I’m trying to understand why with the following model cumulative_R has a much narrower posterior than cumulative_ncp, given that I would expect them to be identical.

In this model there are two rates, things that vary at rate N and things that vary at rate day;
cumulative_ncp is the sum of the variable delta varying at N.
while cumulative_R is the sum of delta (as in this cut-down version of the model delta = R) varying at day. both are then scaled to the same units.

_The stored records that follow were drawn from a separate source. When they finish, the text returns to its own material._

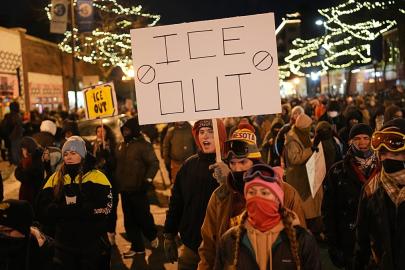 Minneapolis’te bir kişinin daha öldürülmesi sonrası ICE’ye tepki büyüyor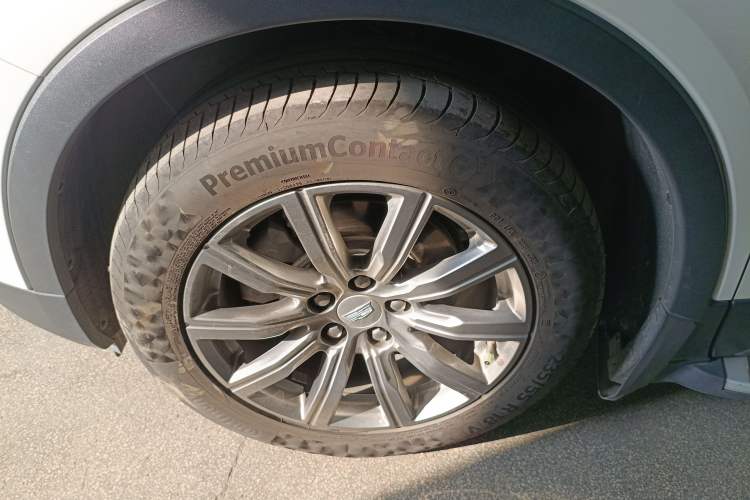 Used Cadillac XT4 2018 28T Two-Wheel Drive Leading Version
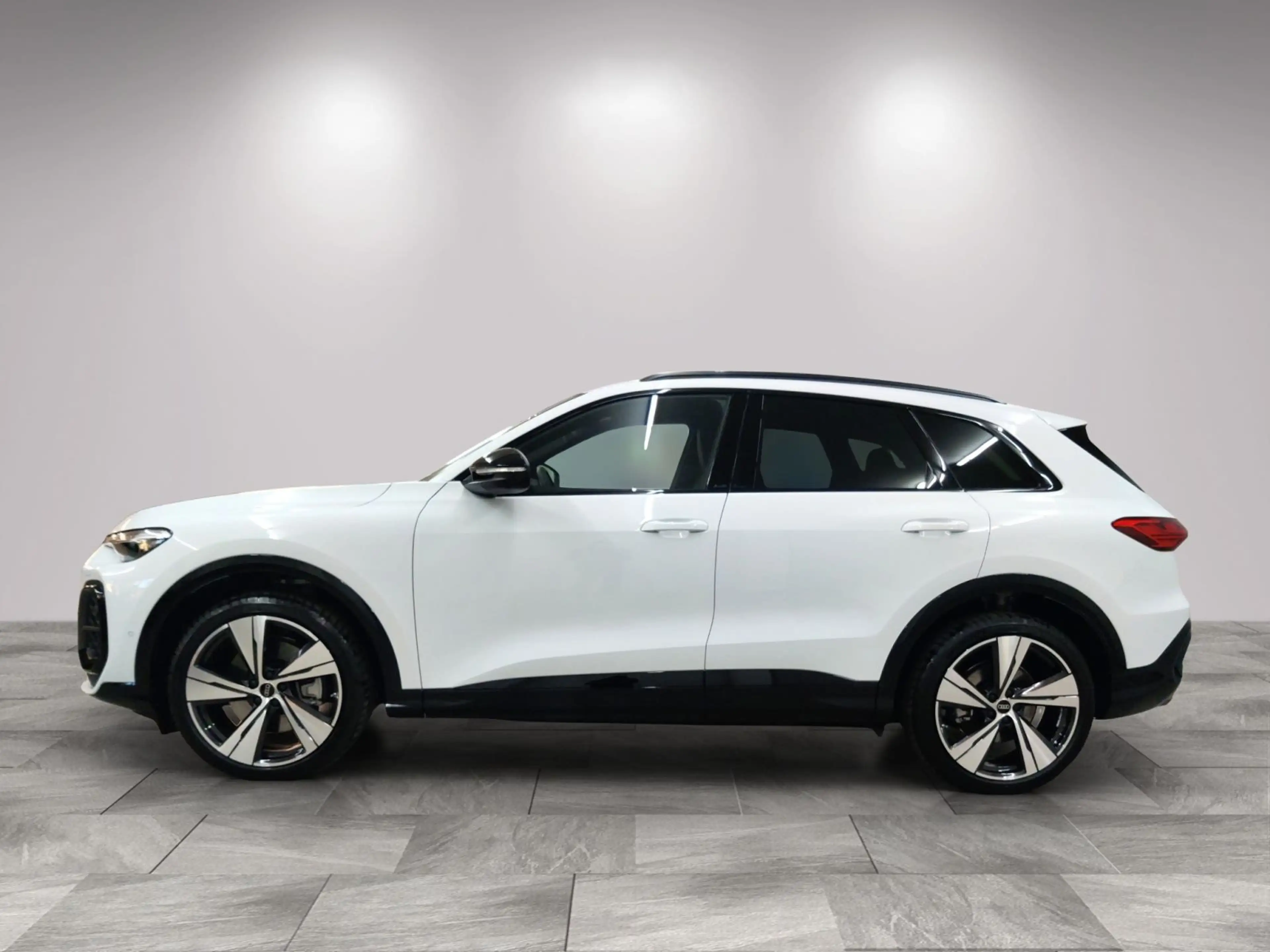 Audi Q5 S line TDI qu. edition one LED+/Tech pro/Luft — photo 4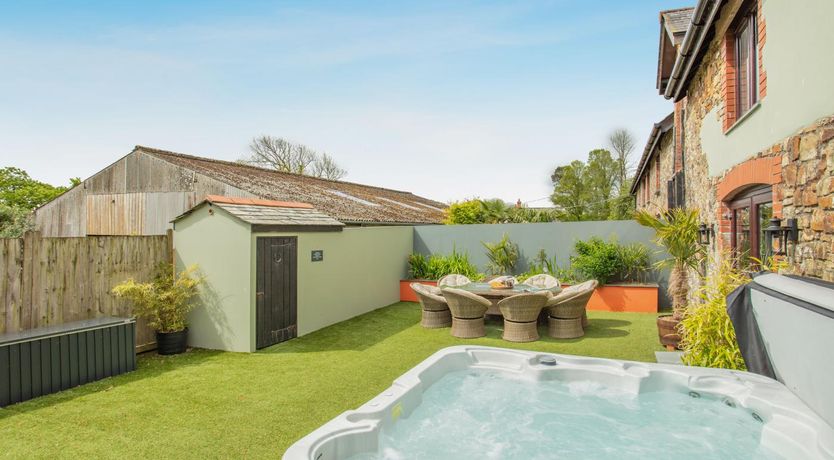 Photo of 6 Bed in Holsworthy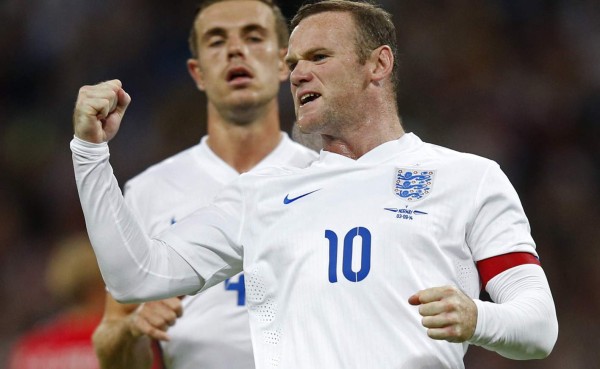 Rooney rescata de penal a una gris Inglaterra ante Noruega
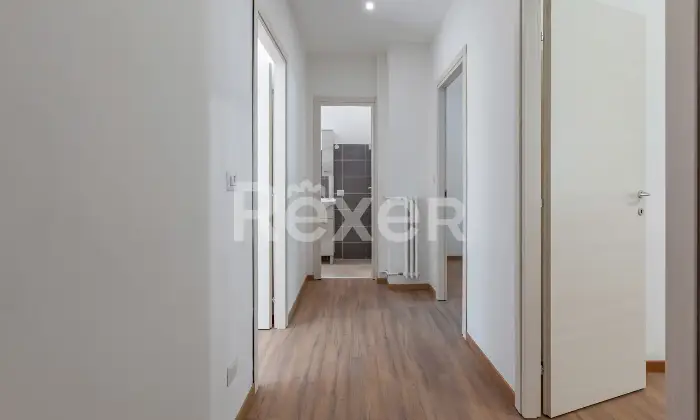 Rexer-Milano-Trilocale-doppi-servizi-ristrutturato-a-nuovo-Altro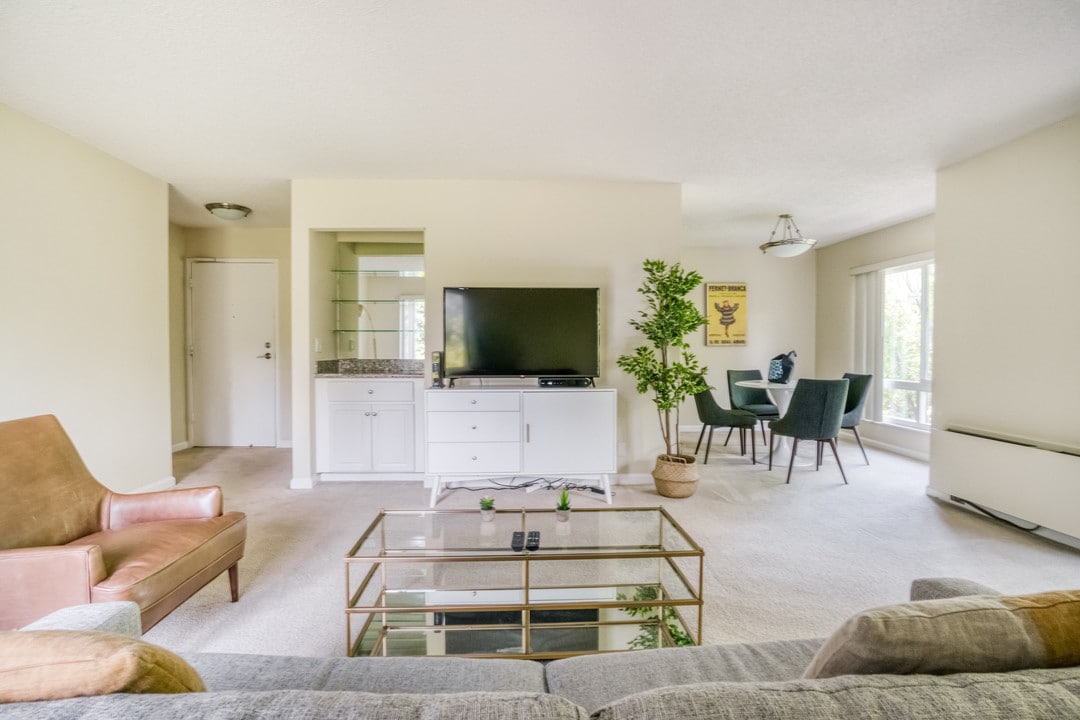 1824 Oak Creek Dr in Palo Alto, CA - Building Photo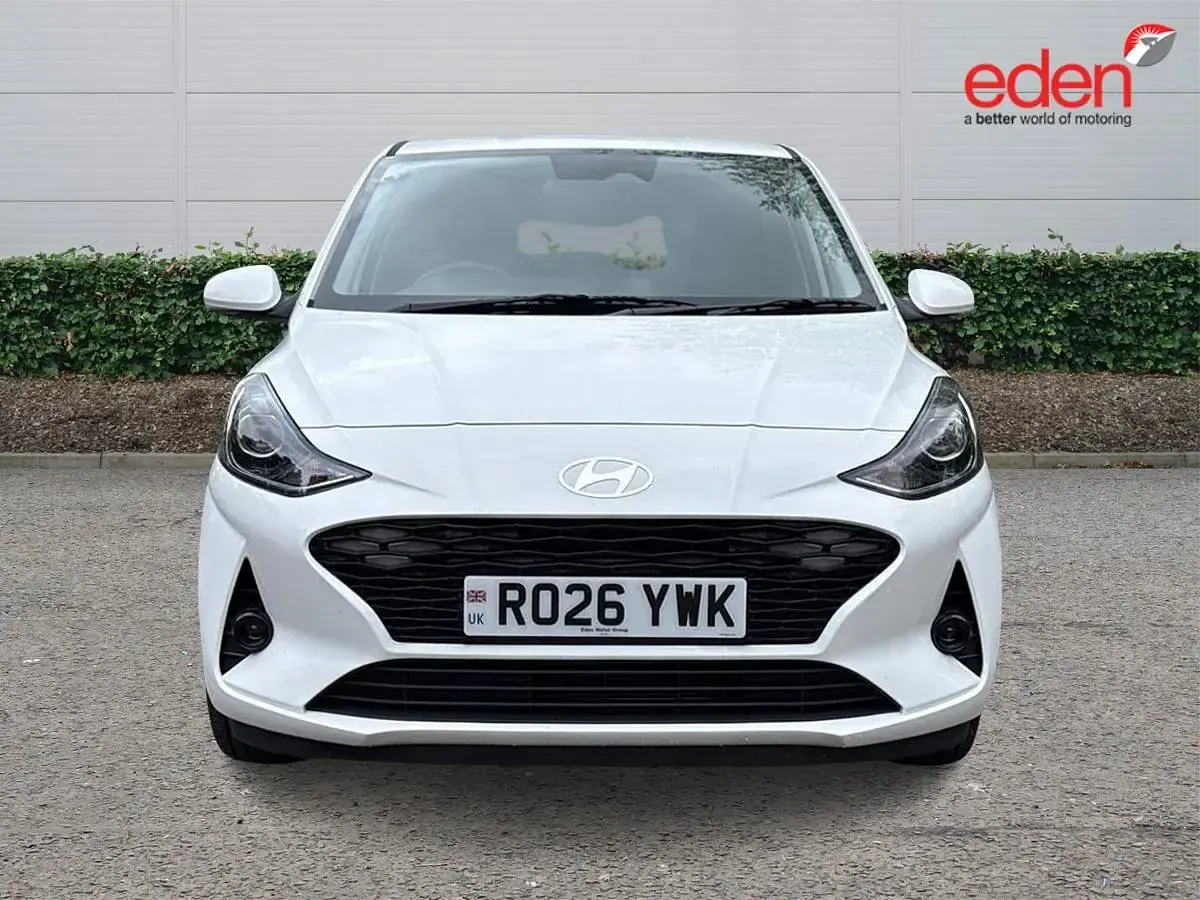 Used Hyundai i10 Premium 79 HP (58 kW) 2026 White Hatchback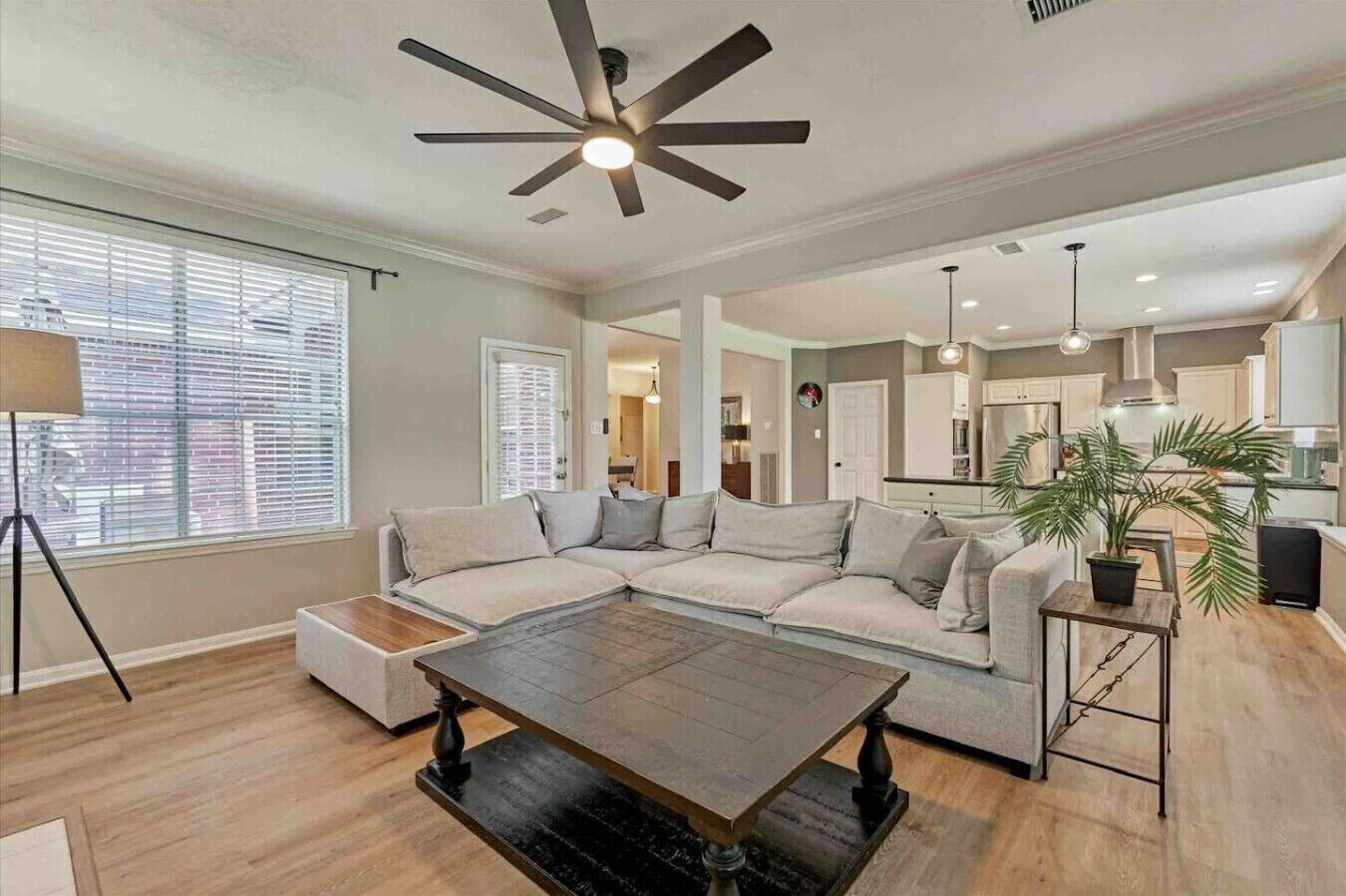 Smart TV, chimenea y oficina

In my test case where the sum of delta x 86400 is known to be (-)700.
The final value of cumulative_R is 697.7598-701.9972 (5-95% quantile range) while
cumulative_ncp is -689.3504-704.6502.

data {
  int<lower=0> N;
  int<lower=0> N_day;
  int<lower=0> day[N];
  real C[N];
  real kw[N];
  real B[N];
  real hm[N];
  real dhdt[N];
  real Csat[N];
  real dt;
}

parameters {
  real<lower=0> sigma;
  real<lower=0> Cb[N_day];
  real<lower=0> R[N_day];
}

transformed parameters {
  real C_hat[N-1];
  real delta[N-1];

  for(n in 1:N-1){
    delta[n] = 0 - R[day[n]];
    C_hat[n] = (exp(-(dt*(kw[n] + dhdt[n]))/hm[n]) * (dhdt[n] * (Cb[day[n]] * (exp((dt*(kw[n] + dhdt[n]))/hm[n]) - 1) + C[n]) + (delta[n]) * (exp((dt * (kw[n] + dhdt[n]))/hm[n]) - 1) + kw[n] * ( (Csat[n] * ((B[n]) + 1)) * (exp((dt * (kw[n] + dhdt[n]))/hm[n]) - 1) + C[n])))/(kw[n] + dhdt[n]);
  }
}

model {
 sigma ~ normal(0, 1);
 R ~ normal(0, 1);
 Cb ~ normal(200, 10);

 for(n in 2:N){
   C[n] ~ normal(C_hat[n-1], sigma);
 }
}

generated quantities{
  vector[N-1] cumulative_ncp;
  vector[N_day] cumulative_R;

  for(n in 1:N-1){
    cumulative_ncp[n] = (delta[day[n]]); // mmol m-2 s-1
  }
  cumulative_ncp = cumulative_sum(ncp * dt); // mmol m-2 day-1

  for(d in 1:N_day){
    cumulative_R[d] = (R[d]) * 86400; // mmol m-2 day-1
  }
  cumulative_R = cumulative_sum(cumulative_R);
}

I’m not sure I understand which quantities in the posterior you expect to be the same or why. You have two vector quantities of different lengths, cumulative_ncp and cumulative_R, but you seem to be reporting a single interval. Are you comparing the final entries cumulative_R[N_day] and cumulative_ncp[N - 1]?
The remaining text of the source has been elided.